=== Task to complete ===
Nothing but the lines from the one containing "Image 1 : 2" through the end of the data should be retyped, exactly as they stand, and pictures should not be retyped.

━━ Available data ━━

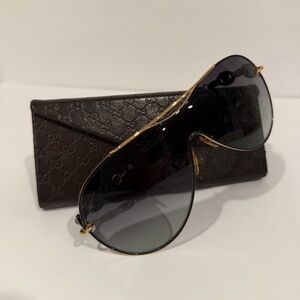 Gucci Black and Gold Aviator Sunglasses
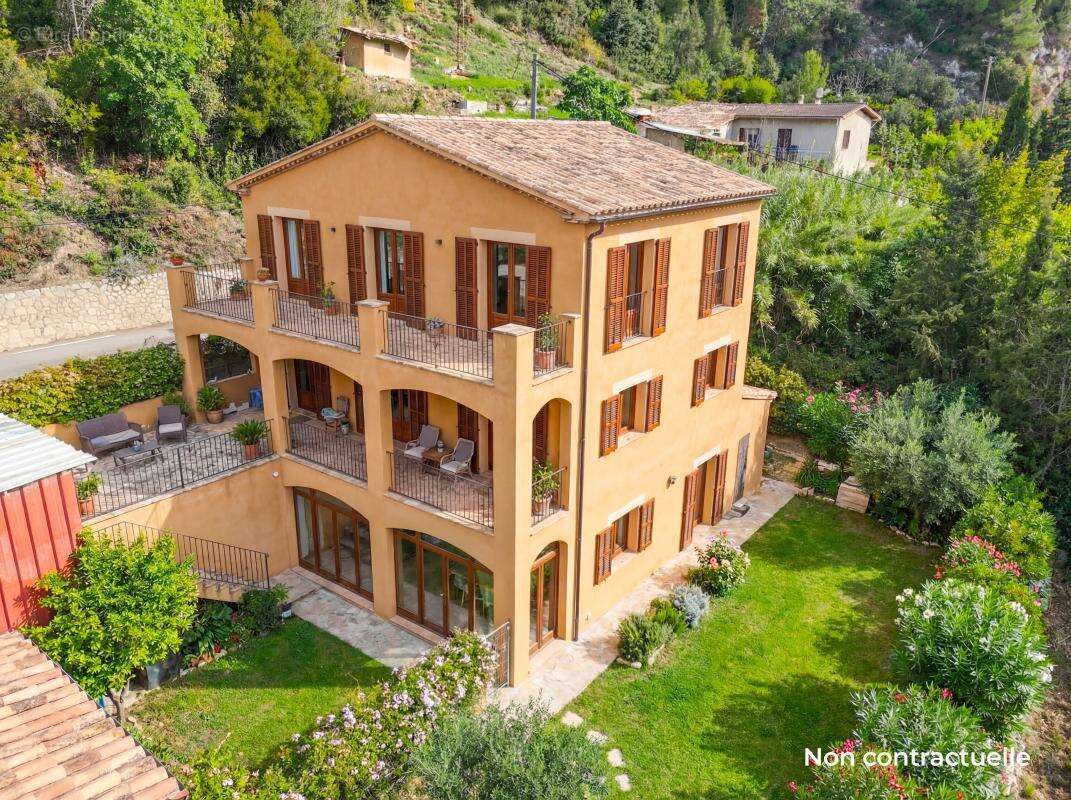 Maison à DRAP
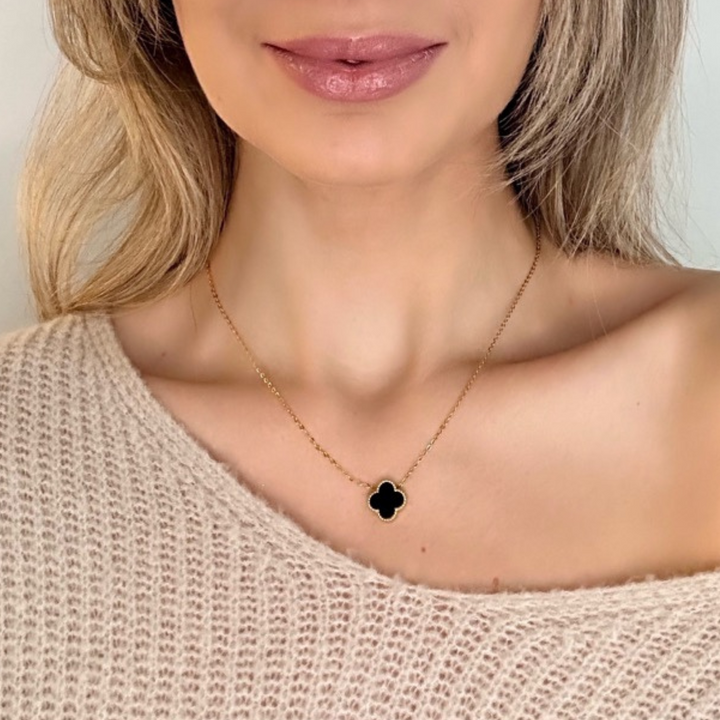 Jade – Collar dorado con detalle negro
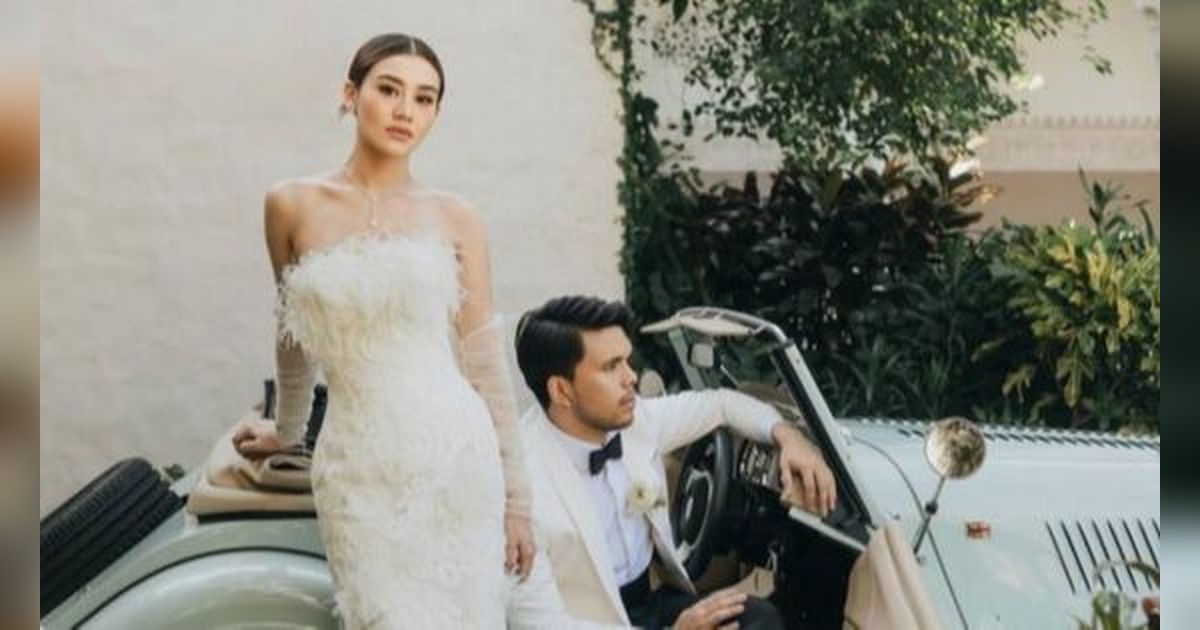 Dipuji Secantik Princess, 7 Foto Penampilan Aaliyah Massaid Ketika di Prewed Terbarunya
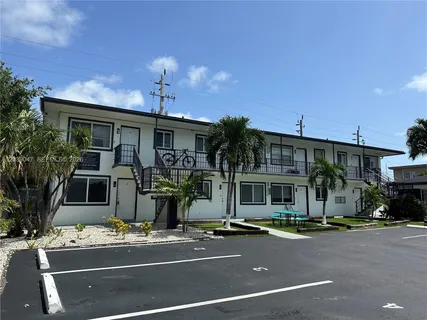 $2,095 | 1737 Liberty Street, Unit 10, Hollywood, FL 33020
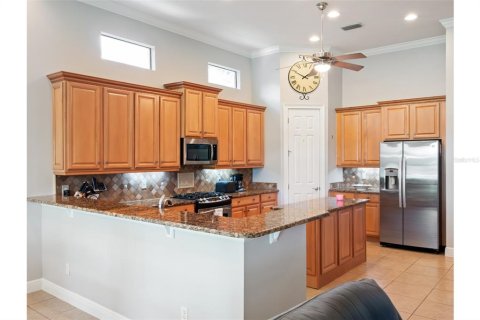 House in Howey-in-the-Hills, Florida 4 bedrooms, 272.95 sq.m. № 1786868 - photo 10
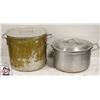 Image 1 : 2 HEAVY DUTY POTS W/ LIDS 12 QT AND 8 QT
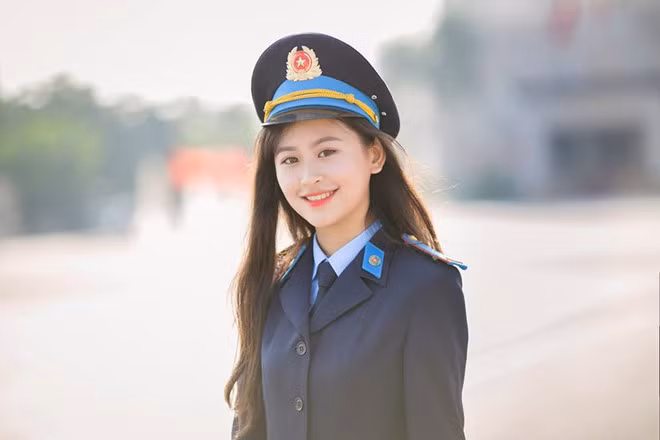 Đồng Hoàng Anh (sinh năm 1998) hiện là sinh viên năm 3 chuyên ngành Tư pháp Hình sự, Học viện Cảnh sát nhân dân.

━━━

=== Reply to the exercise ===
 Image 1 : 2 HEAVY DUTY POTS W/ LIDS 12 QT AND 8 QT
 Đồng Hoàng Anh (sinh năm 1998) hiện là sinh viên năm 3 chuyên ngành Tư pháp Hình sự, Học viện Cảnh sát nhân dân.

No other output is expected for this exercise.